The deal and separate reporting could be a foundation for GM to eventually spin off the autonomous vehicle operations, which some analysts have speculated could be valued as much as $30 billion.
Ammann and Barra said the company is focused on safely developing and deploying the self-driving vehicles and declined to directly comment on the possibility of GM Cruise becoming a standalone operation.
“As we move forward, we’re going to evaluate opportunities,” Barra told investors, adding GM will do what’s in the best interest of its shareholders.
A federal filing detailing the SoftBank Vision deal does address the potential for an initial public offering for GM Cruise.
GM, which has touted having all operations under one roof, acquired Cruise Automation in March 2016.
Since then, GM has grown to be considered a leader in the development and deployment of self-driving vehicles along with Google spinoff Waymo.
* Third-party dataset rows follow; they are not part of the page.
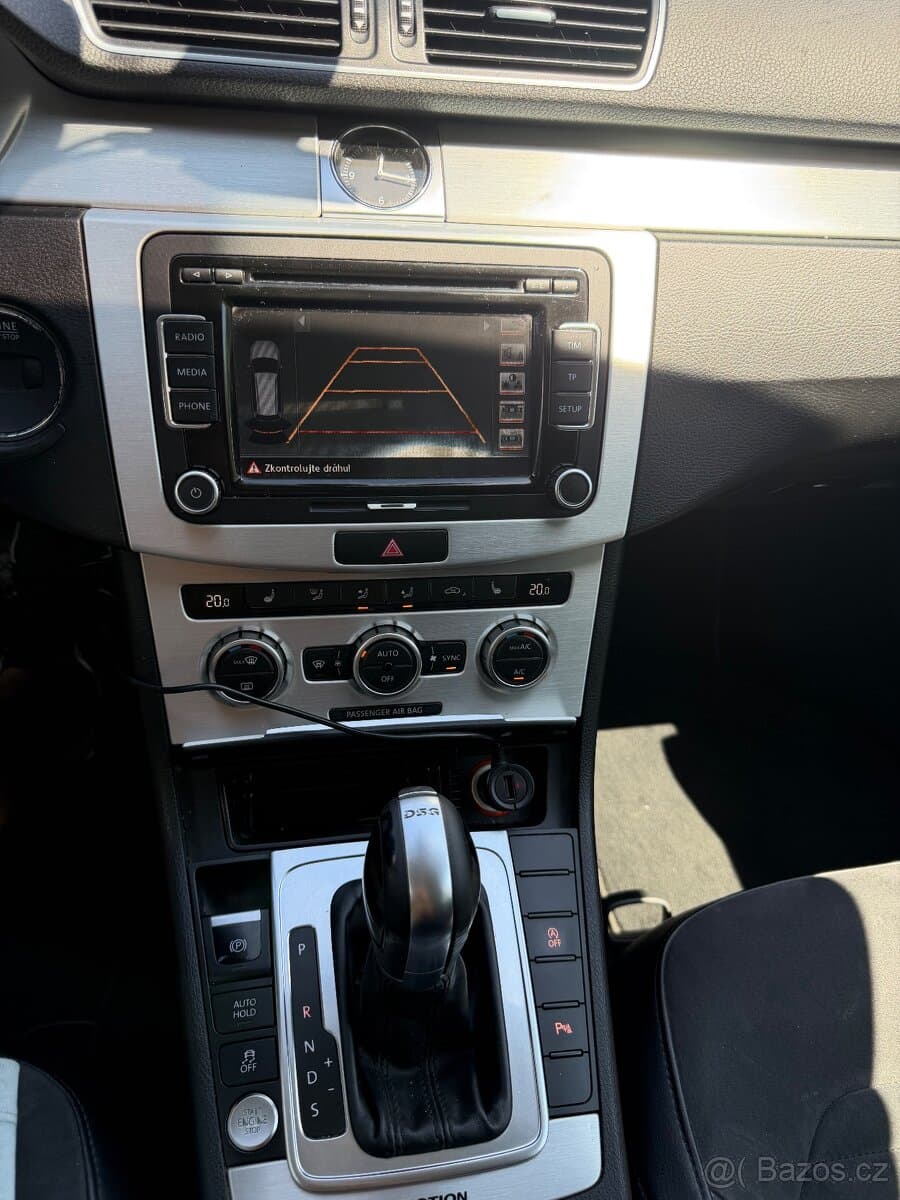 2013 Volkswagen PASSAT - 6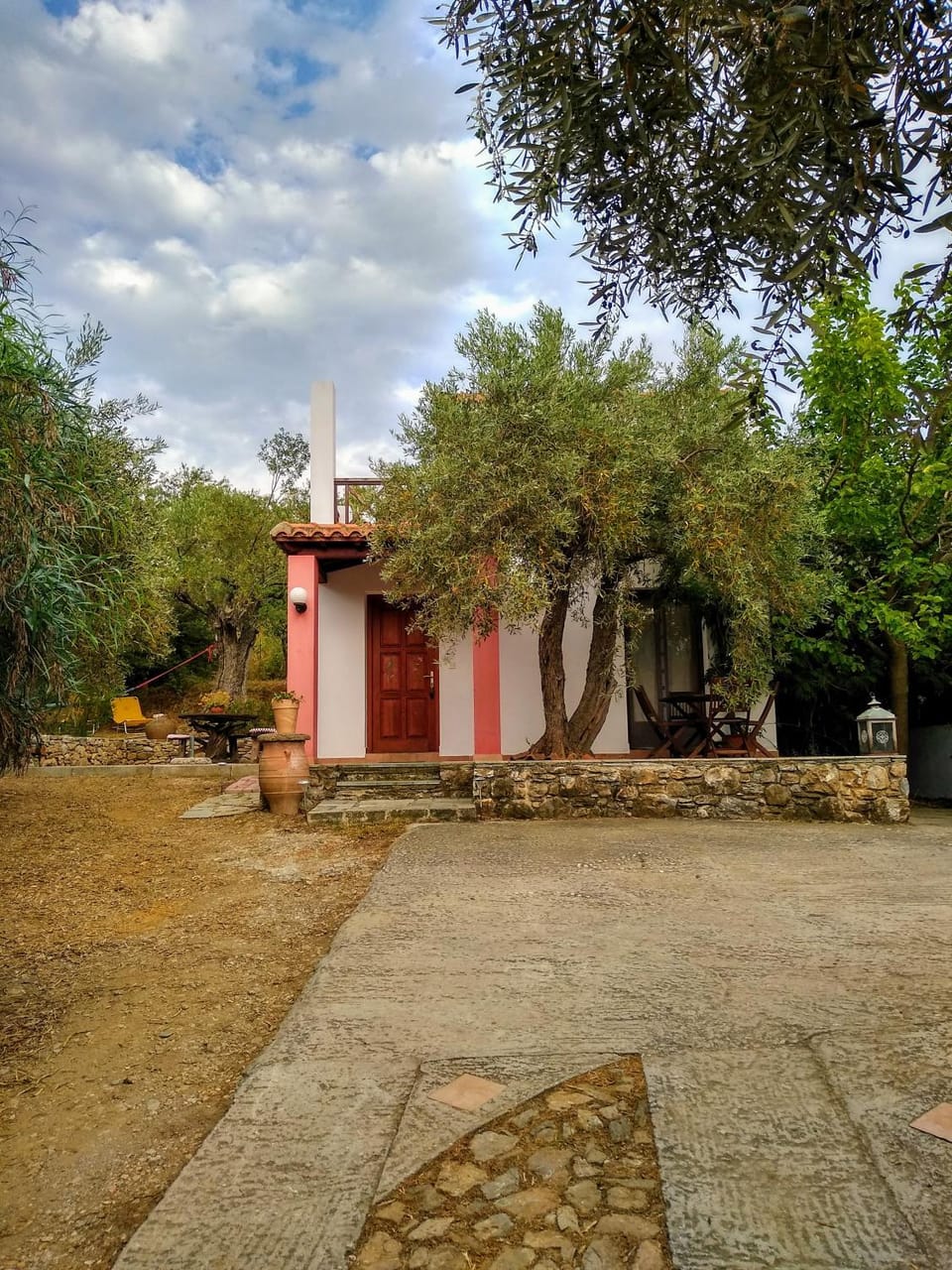 Nightingale Country House in Sporades, Greece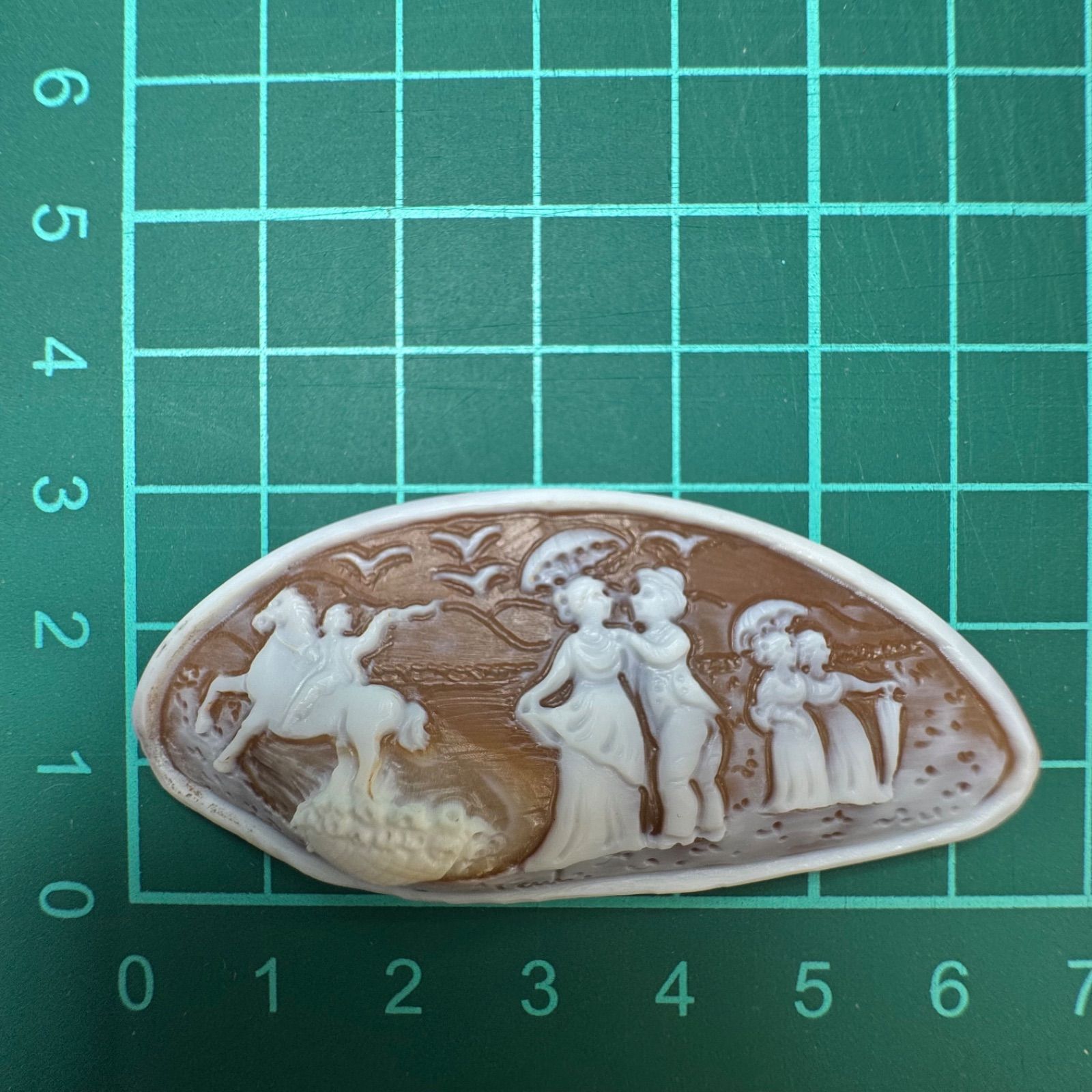 シェルカメオルース、作家品 送料無料！】作家サインあり シェルカメオ ルース - メルカリ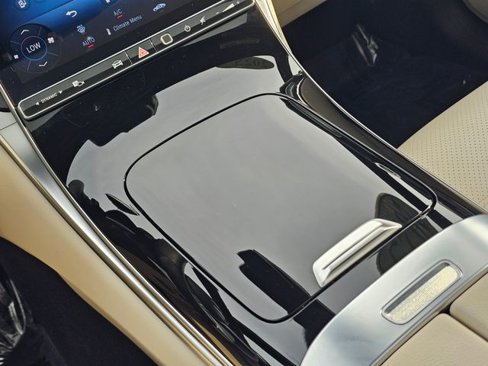 Certified 2025 Mercedes-Benz GLC 300 4MATIC image 35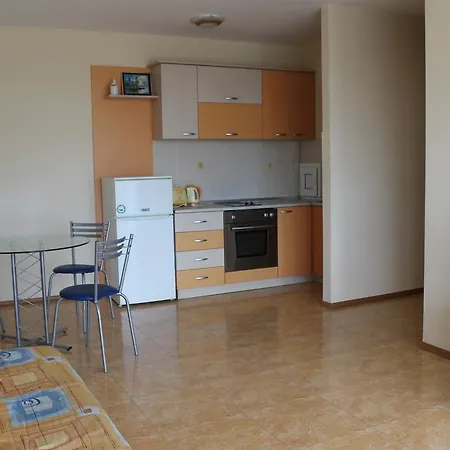 Апартамент Elit 3 Apartcomplex *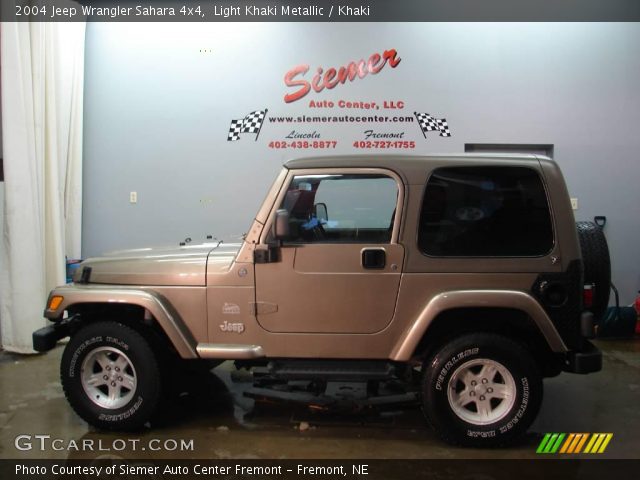 2004 Jeep Wrangler Sahara 4x4 in Light Khaki Metallic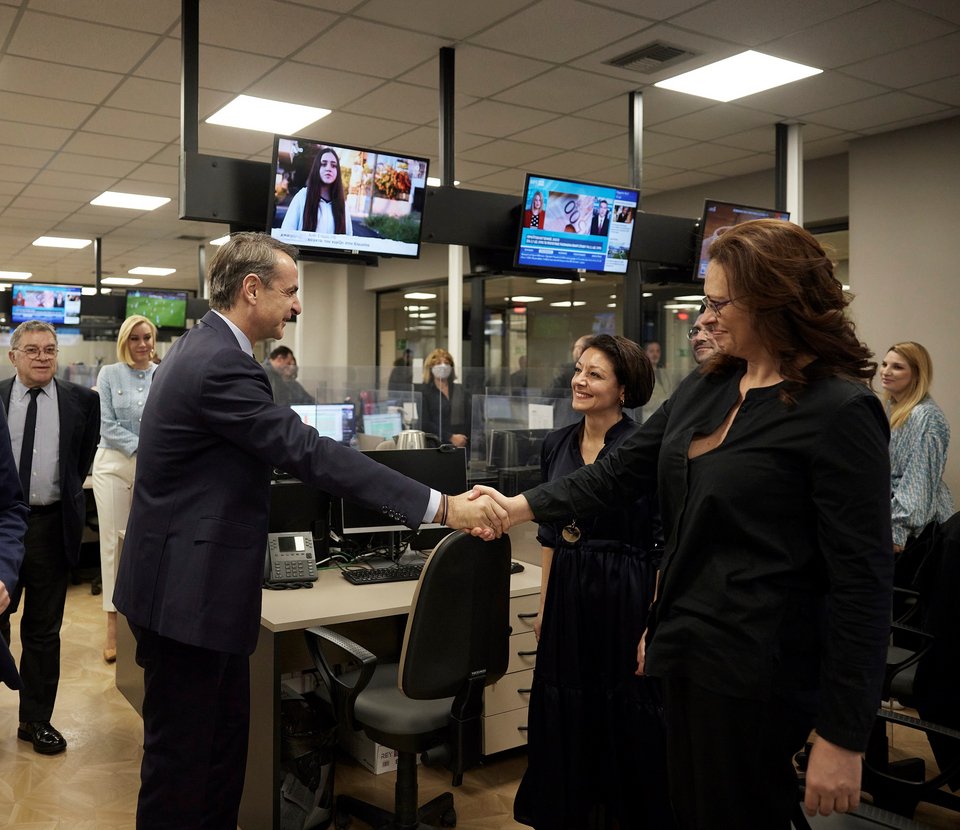 Ο πρωθυπουργός στο newsroom της ΕΡΤ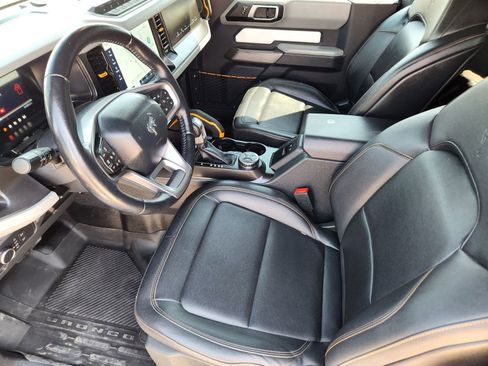 Used 2021 Ford Bronco Badlands image 14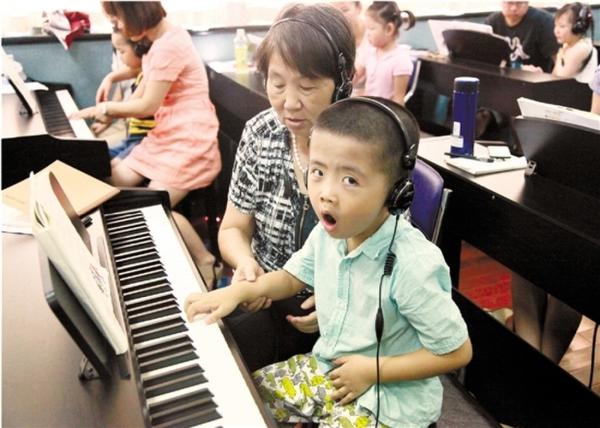 教育部严禁有偿补课 一经发现就惩罚学校和老师 教育部严禁有偿补课 一经发现就惩罚学校和老师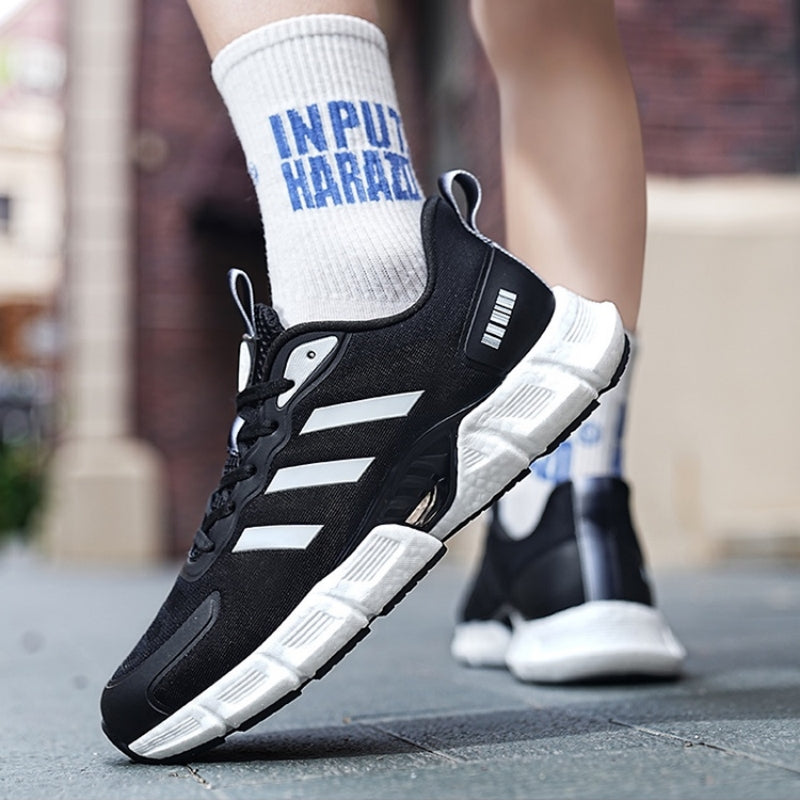 Antibakteriniai, kvėpuojantys laisvalaikio sportbačiai iš Adidas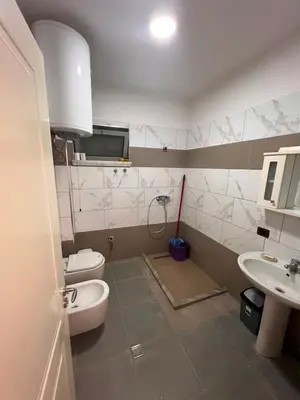 Apartament 3+1 me qera në Rruga Aleksander Goga, Durrës, 120 m². Foto 6 nga 9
It is predominately testing the self-driving cars in San Francisco as well as Arizona and Michigan. GM previously said testing is expected to expand to New York in 2018.
GM executives on Thursday declined to provide additional details regarding where and when it plans to launch the fleets in 2019.
The automaker is producing the self-driving cars at its Orion Assembly plant in suburban Detroit. It is the only mass-production facility to manufacture such vehicles.
Cruise, from Dec. 1, 2016, to Nov. 30, 2017, drove 131,676 miles on San Francisco’s city streets in 94 Cruise AV cars, which are based on the Chevrolet Bolt EV.